El sultán no lograba penetrar a ninguna mujer, y fue la virgen quien consiguió desarmarlo…

Bajo las cúpulas doradas del antiguo imperio, un sultán amado por todos ocultaba el secreto más oscuro del desierto. Ni sus ejércitos invencibles, ni sus riquezas infinitas podían protegerlo de aquello que lo atormentaba cada noche. Ninguna mujer podía tocarlo sin que el horror despertara en su interior.

hasta que llegó una joven virgen de ojos profundos, enviada, según decían, por los propios vientos del destino. Lo que ocurrió después cambió la historia del reino para siempre y reveló un misterio que nadie se atrevió a contar en voz alta, porque aquel hombre poderoso jamás volvió a ser el mismo. El viento del desierto de Basora soplaba como si viniera de siglos atrás, arrastrando polvo, plegarias y secretos.

Era el año 1578 y el sol, colgado como una antorcha divina sobre las cúpulas doradas del palacio de Alcahim, hacía brillar las murallas como si ardieran. Dentro el sultán Malik ibn Rashid, vencedor de 20 batallas y amado por su pueblo, caminaba en soledad. Su pecho desnudo mostraba cicatrices de guerra.

Cada una era una victoria. Y sin embargo, el hombre que había derrotado ejércitos enteros no podía vencer una sola noche. Las mujeres del arén se inclinaban ante él con temor y deseo. Pero cuando la puerta se cerraba y las velas temblaban, su fuerza se desvanecía, su cuerpo obedecía al miedo, no al corazón. Ninguna podía tocarlo y el silencio de esas noches era más cruel que cualquier espada.

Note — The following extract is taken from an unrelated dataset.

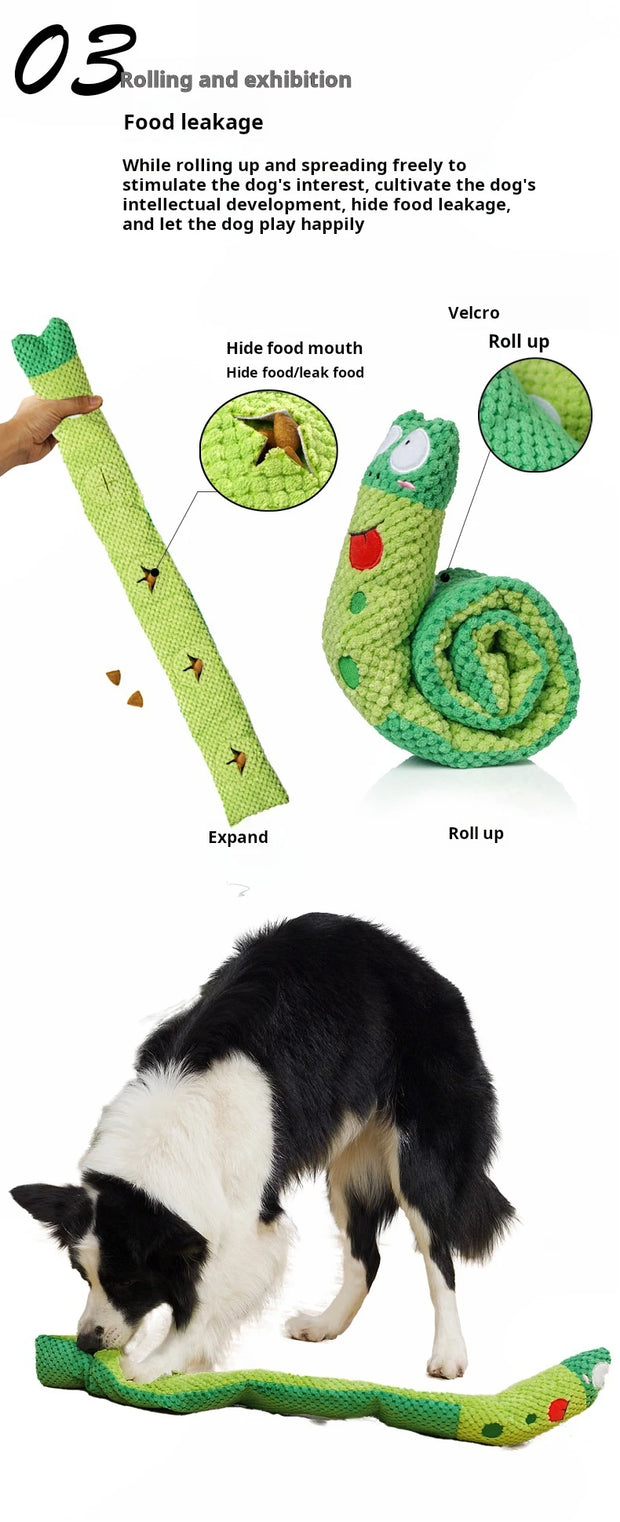 Playful Snail Dog Puzzle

Los médicos del reino ofrecieron elixires, los astrólogos culparon los astros. Los poetas con compasión decían que el sultán había nacido para la guerra, no para el amor. Pero nadie sabía la verdad, nadie, excepto el propio Malik y el espejo que lo observaba cada madrugada. cuando se quitaba el turbante y veía en sus ojos el reflejo de una culpa antigua, afuera el pueblo lo veneraba.

Nuestro sultán de justicia, el hombre de manos limpias, el que nunca derrama sangre inocente, decían los campesinos. Los niños corrían tras su caballo blanco cuando él salía al amanecer para inspeccionar los campos. Malik sonreía a todos, bendecía a los pobres, escuchaba las súplicas de las madres, pero cada gesto de amor que daba al mundo era una forma de esconder el vacío que lo devoraba.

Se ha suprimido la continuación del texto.